ACTION ITEM: Within the lines below, the span from the line with "途昂 2022款 380TSI 四驱尊崇豪华版" to the line with "Ovo babycoque e cadeira auto bebé e criança", both ends included, is to be reproduced exactly, with pictures omitted.

ENTRIES SUPPLIED:
*****
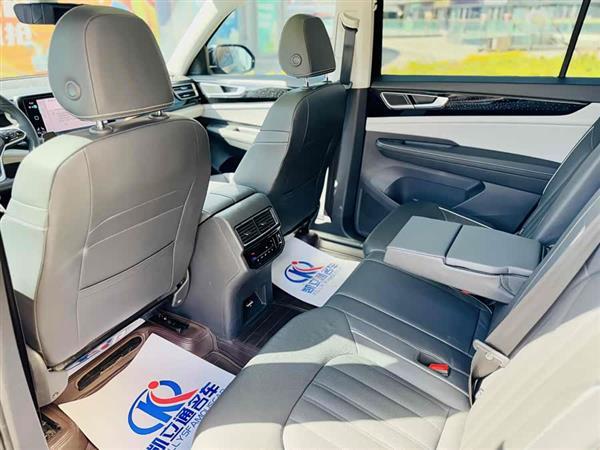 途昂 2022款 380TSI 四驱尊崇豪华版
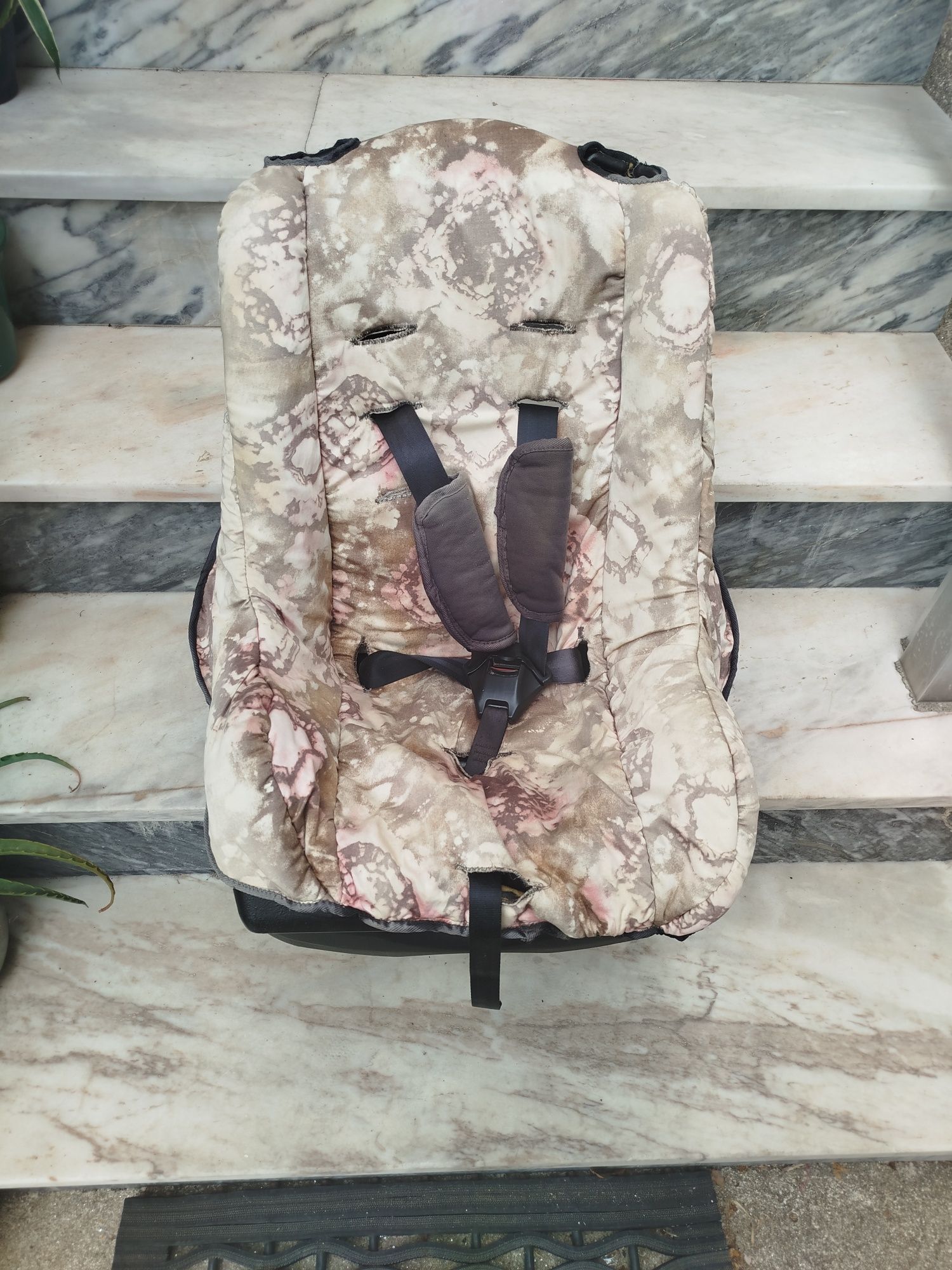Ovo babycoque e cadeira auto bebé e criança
*****
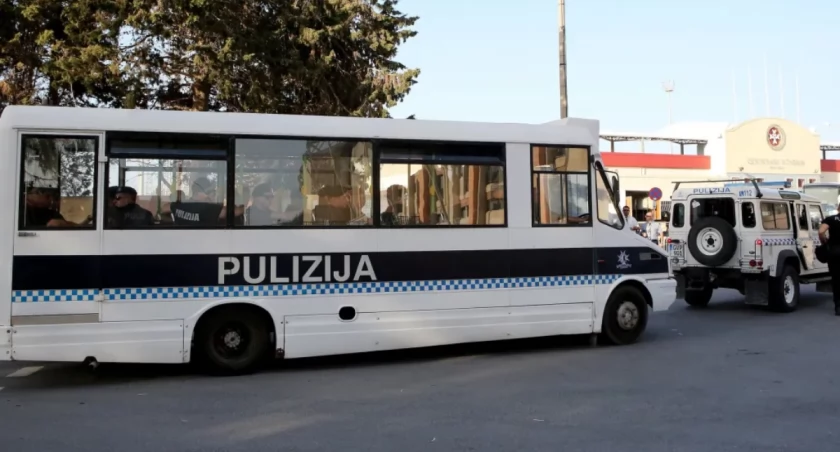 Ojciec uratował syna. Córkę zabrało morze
*****
EXERCISE ANSWER:
 途昂 2022款 380TSI 四驱尊崇豪华版
Ovo babycoque e cadeira auto bebé e criança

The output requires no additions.